Il 22 aprile scorso l’Unesco ha ufficializzato l’ingresso del Parco Nazionale dell’Aspromonte nella Rete Mondiale Global Geopark Unesco. Il procedimento per questo prestigioso riconoscimento è nato nel 2017, ma in molti credevano che non fosse percorribile. Abbiamo intervistato Giuseppe Bombino, docente di Agraria e presentatore della candidatura in qualità di presidente del Parco Nazionale dell’Aspromonte dell’epoca.

Come è partito tutto?
Da pellegrino, escursionista e ricercatore, ho sempre ritenuto che la Natura dell’Aspromonte e, più in particolare, la sua geologia, dovessero essere intese come una profezia. L’Aspromonte è molto di più di un territorio montuoso: è un’idea svincolata da confini stabili. È una materia liquida e terranea, uno sforzo immateriale capace di divenire antropologia, cultura, filosofia, ambiente, sostanza minerale e vegetale.
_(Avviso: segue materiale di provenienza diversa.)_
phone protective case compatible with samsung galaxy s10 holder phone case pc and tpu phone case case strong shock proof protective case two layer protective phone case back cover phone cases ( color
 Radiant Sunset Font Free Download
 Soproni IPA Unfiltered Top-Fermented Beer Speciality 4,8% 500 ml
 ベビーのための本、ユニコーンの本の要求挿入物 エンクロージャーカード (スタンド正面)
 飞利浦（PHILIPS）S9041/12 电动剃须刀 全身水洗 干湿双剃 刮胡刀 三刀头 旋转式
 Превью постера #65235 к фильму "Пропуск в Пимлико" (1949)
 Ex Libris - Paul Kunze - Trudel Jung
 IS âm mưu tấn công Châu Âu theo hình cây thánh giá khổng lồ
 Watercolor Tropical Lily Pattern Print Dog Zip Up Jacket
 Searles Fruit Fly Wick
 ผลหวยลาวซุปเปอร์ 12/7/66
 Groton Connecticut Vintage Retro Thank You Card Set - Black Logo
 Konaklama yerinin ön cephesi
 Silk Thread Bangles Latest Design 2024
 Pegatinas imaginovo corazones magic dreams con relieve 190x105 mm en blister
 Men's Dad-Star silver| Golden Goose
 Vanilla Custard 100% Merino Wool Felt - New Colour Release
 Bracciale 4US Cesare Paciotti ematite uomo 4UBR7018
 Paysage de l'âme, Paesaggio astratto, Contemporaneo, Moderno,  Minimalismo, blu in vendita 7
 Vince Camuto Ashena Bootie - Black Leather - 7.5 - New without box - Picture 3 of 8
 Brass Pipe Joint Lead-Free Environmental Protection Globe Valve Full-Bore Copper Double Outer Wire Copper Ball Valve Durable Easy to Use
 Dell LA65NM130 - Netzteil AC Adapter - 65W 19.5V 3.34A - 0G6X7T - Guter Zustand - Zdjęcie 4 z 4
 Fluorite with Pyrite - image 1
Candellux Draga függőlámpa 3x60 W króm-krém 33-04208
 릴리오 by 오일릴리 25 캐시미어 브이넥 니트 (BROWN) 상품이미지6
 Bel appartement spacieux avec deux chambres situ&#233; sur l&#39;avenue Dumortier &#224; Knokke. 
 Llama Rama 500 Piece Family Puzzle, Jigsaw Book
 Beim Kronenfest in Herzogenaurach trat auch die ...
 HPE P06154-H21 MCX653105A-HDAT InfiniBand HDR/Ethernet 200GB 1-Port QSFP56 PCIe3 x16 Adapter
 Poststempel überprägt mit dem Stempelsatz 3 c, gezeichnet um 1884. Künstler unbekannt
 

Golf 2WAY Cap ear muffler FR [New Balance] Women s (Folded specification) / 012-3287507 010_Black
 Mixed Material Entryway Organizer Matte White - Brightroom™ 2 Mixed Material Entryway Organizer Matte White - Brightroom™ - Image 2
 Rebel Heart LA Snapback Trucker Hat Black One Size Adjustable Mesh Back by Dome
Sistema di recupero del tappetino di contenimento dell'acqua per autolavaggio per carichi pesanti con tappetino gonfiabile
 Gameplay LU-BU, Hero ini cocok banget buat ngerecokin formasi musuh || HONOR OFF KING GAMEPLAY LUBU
Insomma, l’idea del Geoparco, in realtà, non è stata pensata come se dovesse essere contenuta in un perimetro fisico, amministrativo, ma libera, aperta. Infatti, se ci pensiamo, sulla evoluzione geodinamica di questo massiccio si è intestata, nei millenni, la vicenda umana e culturale dei popoli del Mediterraneo, da cui si è formato il processo di definizione e costruzione di un paesaggio naturale e culturale pressoché unico. La candidatura dell’Aspromonte fu avanzata nel 2017 di fronte al Presidente della Rete Mondiale dei Geoparchi, il greco Nikolas Zouros ed al Coordinatore Nazionale Aniello Aloia, con una relazione che evidenziava la singolare genesi e la straordinaria geodiversità del Massiccio. Eravamo in pochi a crederci. Ma è stato proprio da quella prima audace relazione, rigorosa nei suoi contenuti scientifici, che è cominciato questo avvincente cammino.